- **Prompt**
In the material below, find the line with "Various watch lots" and the line with "image for item". Output exactly those two lines and all lines between them, leaving out pictures.

- **The input**
________________________________________
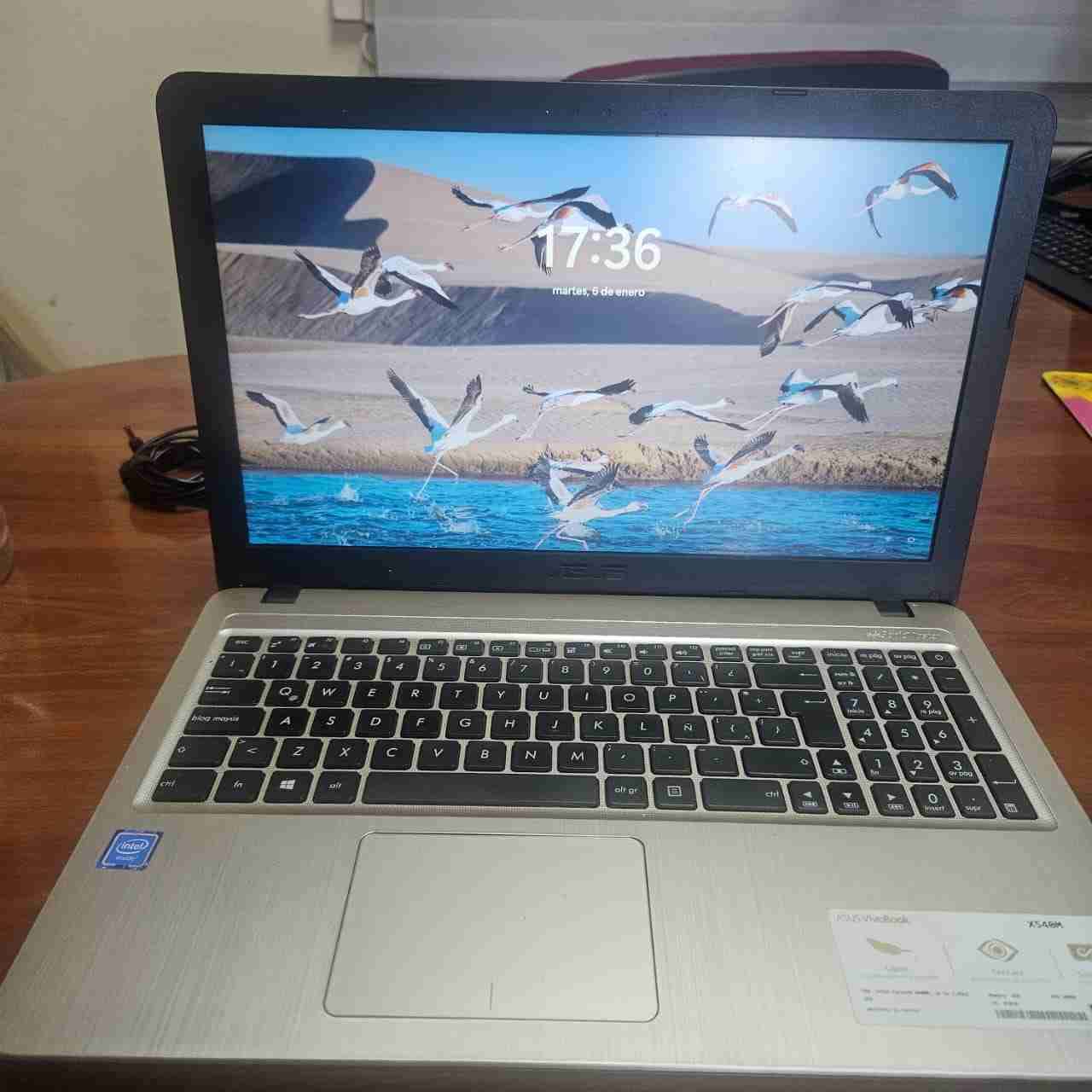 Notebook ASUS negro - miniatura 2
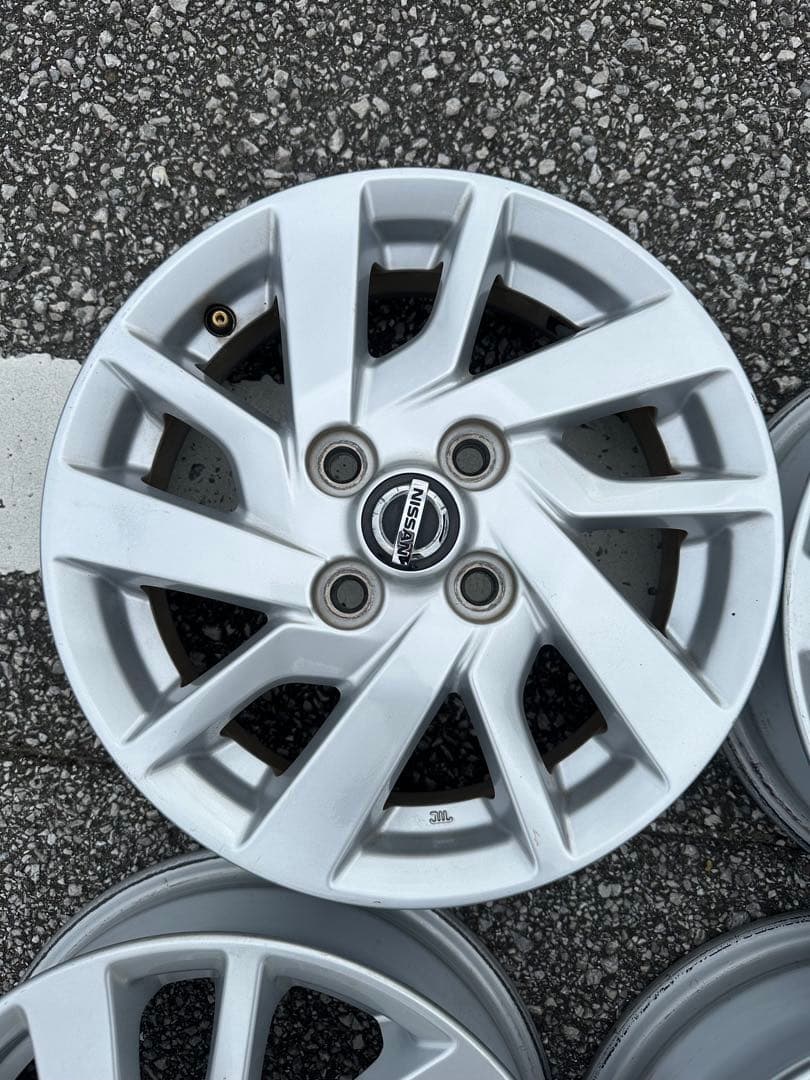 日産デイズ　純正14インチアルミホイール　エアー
________________________________________
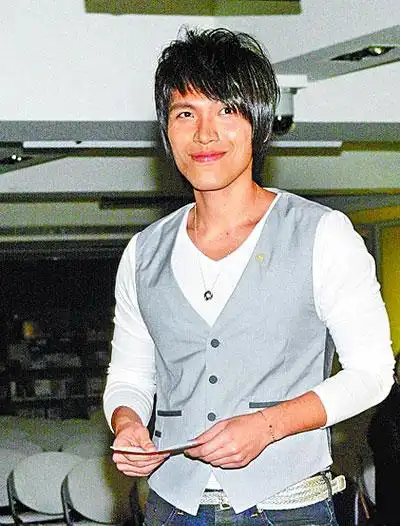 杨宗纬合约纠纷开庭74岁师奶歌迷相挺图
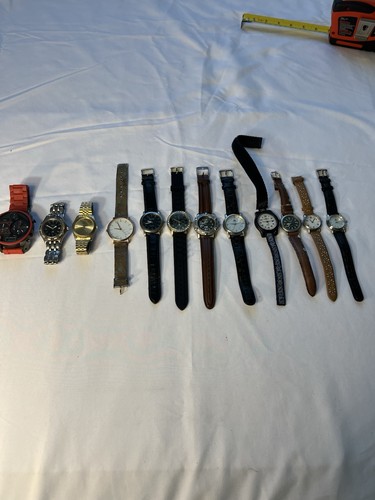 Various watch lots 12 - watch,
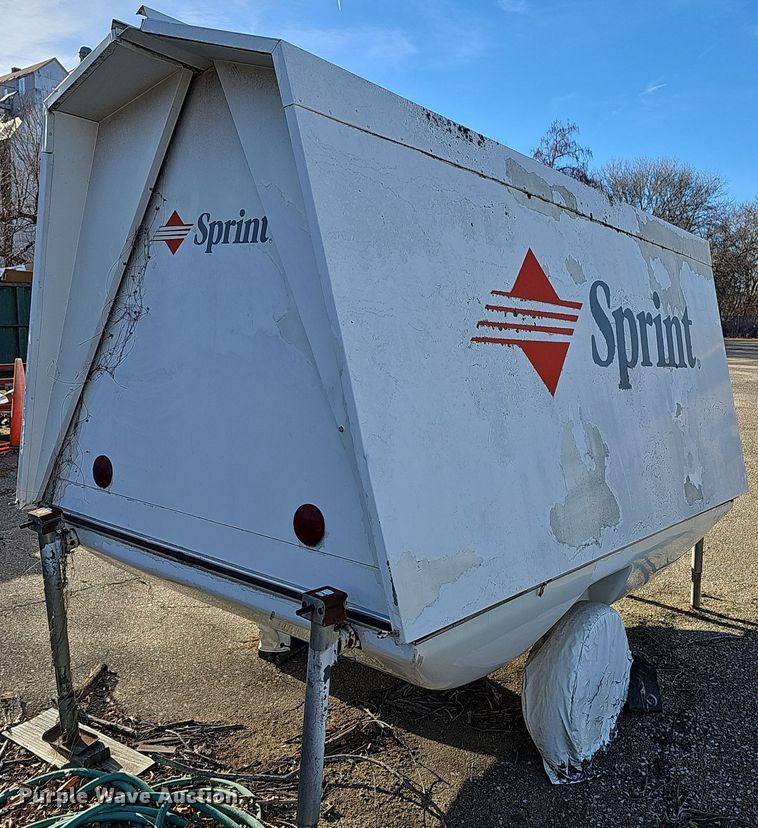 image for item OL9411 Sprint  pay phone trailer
________________________________________
- **Answer space**
 Various watch lots 12 - watch,
 image for item OL9411 Sprint  pay phone trailer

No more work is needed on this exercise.